Heute gibt es tausende Zionspfähle, die überall in der Welt zu finden sind. Es gibt Millionen von Mitgliedern und ihre Zahl nimmt weiter zu. Beides kann nicht aufgehalten werden, denn dies ist das Werk des Herrn. Es gibt heute Mitglieder in 160 Ländern und sie sprechen über 200 Sprachen.

Manche leben mit einer unausgesprochenen Furcht vor dem, was uns und die Kirche in der Welt erwartet. Sie wird immer finsterer, was Sittlichkeit und Geistigkeit betrifft. Wenn wir uns in der Kirche sammeln, die einfachen Grundsätze des Evangeliums befolgen, ein reines Leben führen, das Wort der Weisheit halten, unsere Priestertums- und sonstigen Pflichten erfüllen, dann brauchen wir keine Furcht zu haben. Das Wort der Weisheit ist ein Schlüssel für einen gesunden Körper und für das Empfangen von Offenbarung.
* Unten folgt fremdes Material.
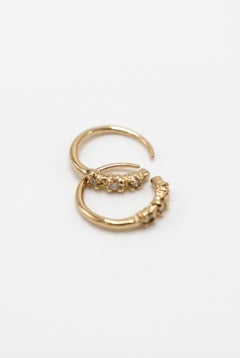 Solid 14K Gold Diamond Open Hoop Ear Hook Earrings White Diamonds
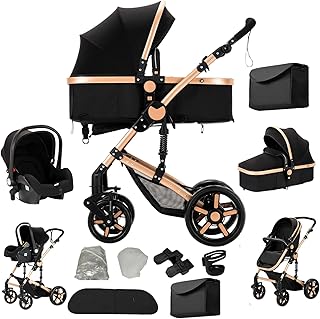 Passeggino 3 in 1 Trio Neonati, Per Neonato 3 in 1 Passeggini, Carrozzino multifunzione, Passeggino Pieghevole (588 Black Gold)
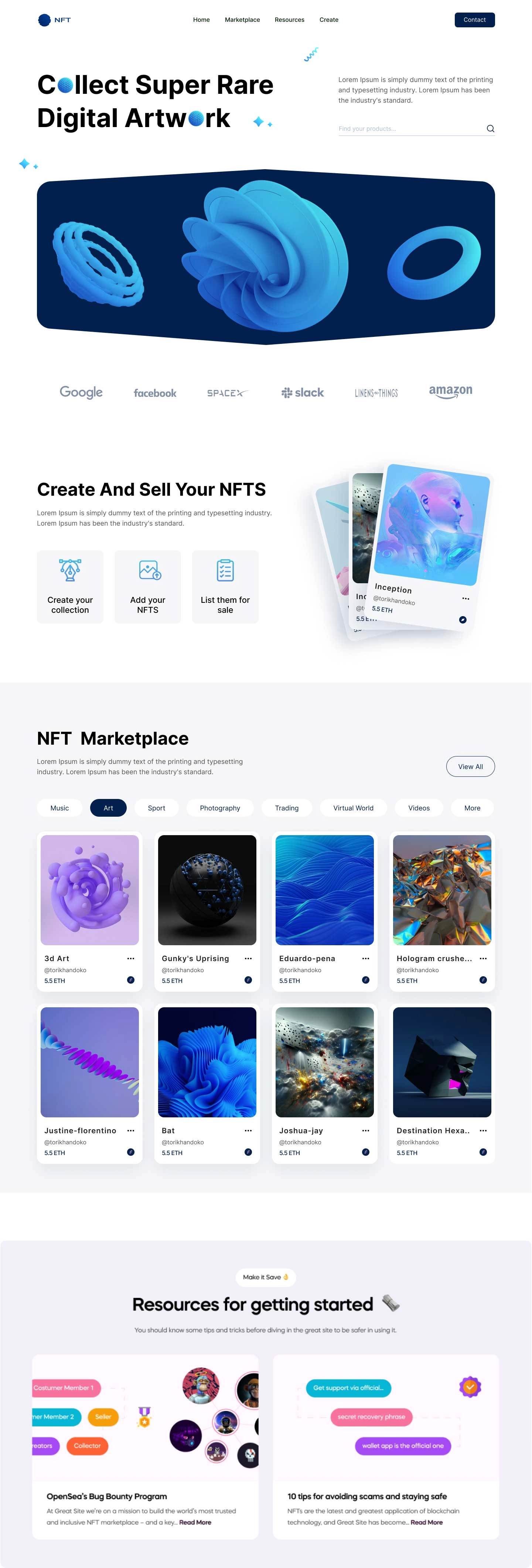 NFT数字藏品交易平台首页ui设计 .fig素材下载 NFT 第1张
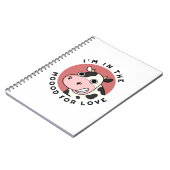 Ik ben in de stemming voor Love Funny Koe Pun Notitieboek (Linkerzijde)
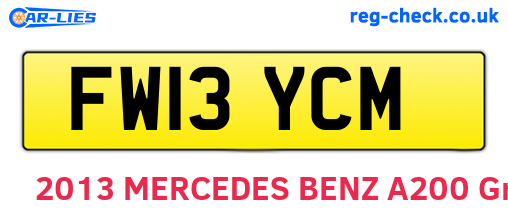 FW13YCM are the vehicle registration plates.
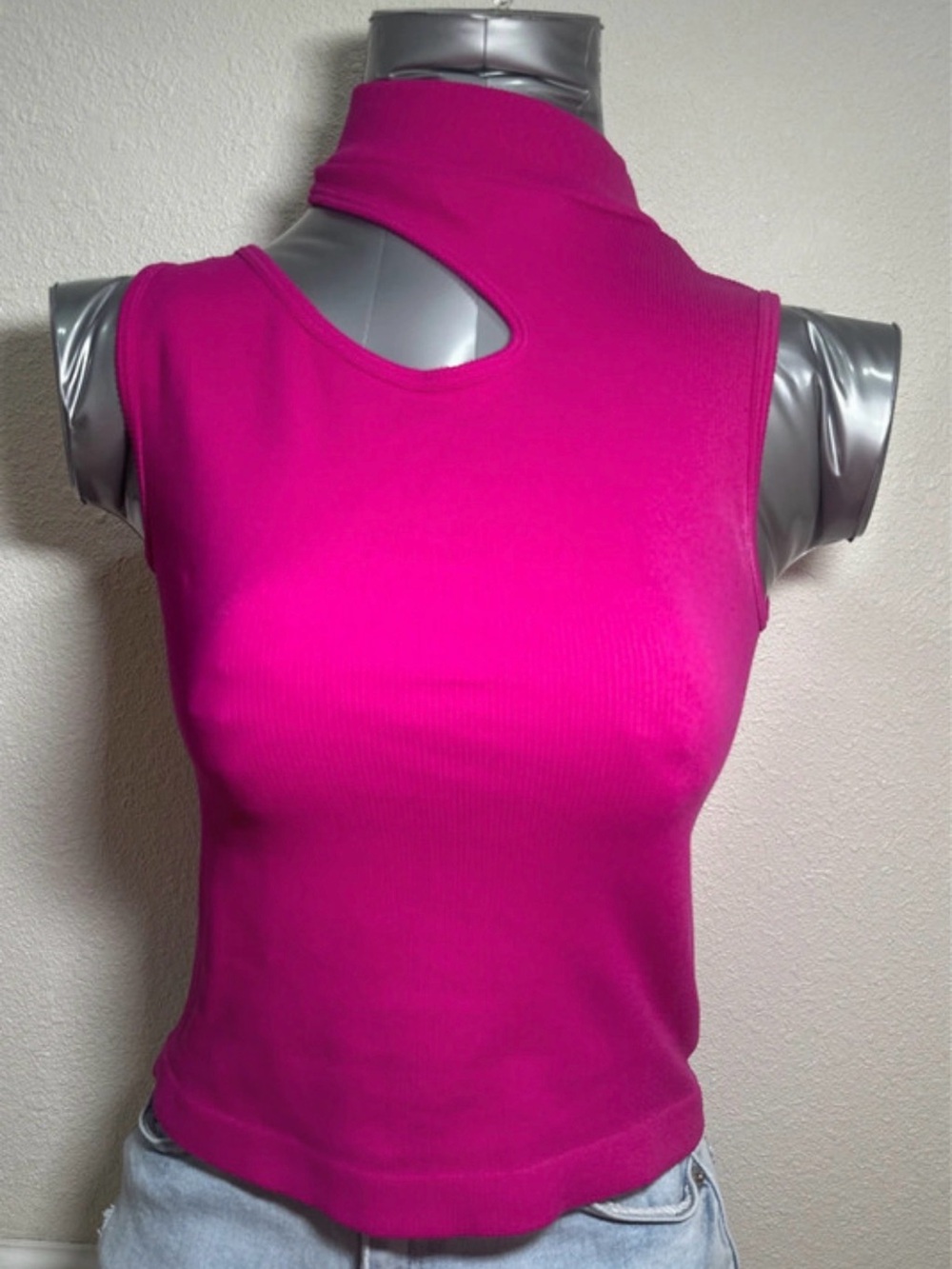 Bloom Seasons Fuchsia Pink Mock Neck Cutout Sleeveless Top – Style 1007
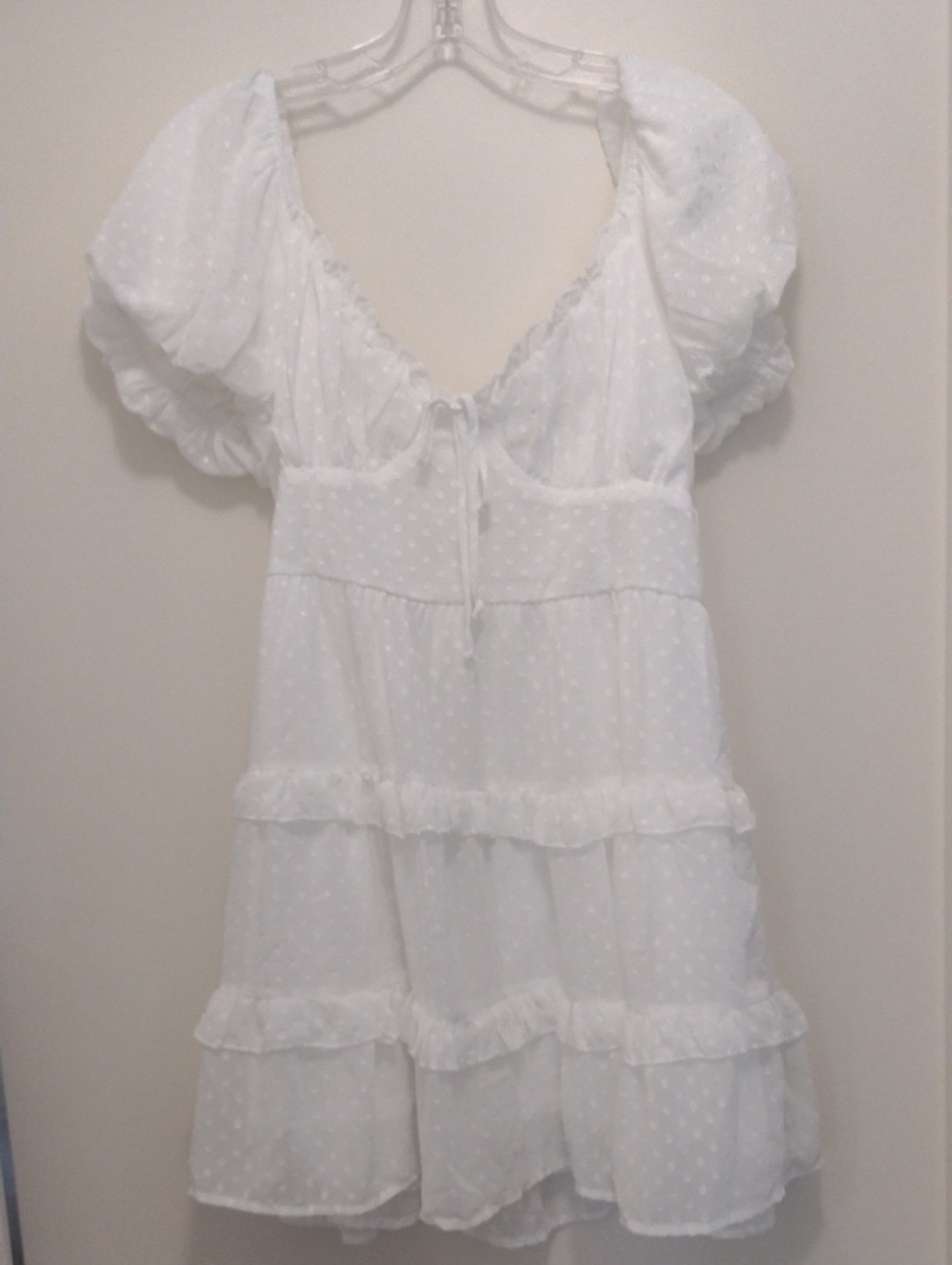 Altar'd State White Puff Sleeve Mini Dress (J1059)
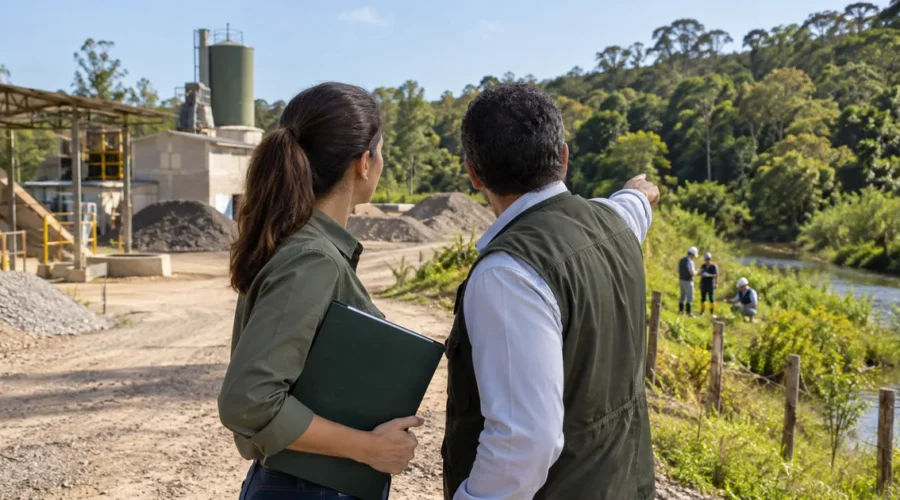 Gestora e consultor observam local de fiscalização ambiental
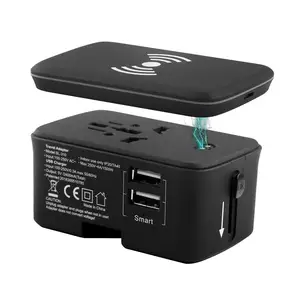China mobile accessories supplier international universal travel adapter with wireless charging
Meiden Sie Tee, Kaffee, Alkohol, Tabak und Drogen.

Wir können dort leben, wo wir möchten, und unser Bestes geben, um für unseren Lebensunterhalt zu sorgen – sei es wenig oder viel. Wir können frei wählen, wie wir unser Leben gestalten, und uns dabei gewiss sein, dass der Allmächtige dem zustimmt oder sogar eingreift; wir können darauf vertrauen, beständig geistig geführt zu werden.

Jeder Pfahl ist ein Schutz und eine Zuflucht und ein Banner. Jeder Pfahl ist eigenständig und mit allem ausgerüstet, was für die Errettung und Erhöhung derer notwenig ist, die sich in seinen Einfluss begeben, und Tempel sind näher als je zuvor.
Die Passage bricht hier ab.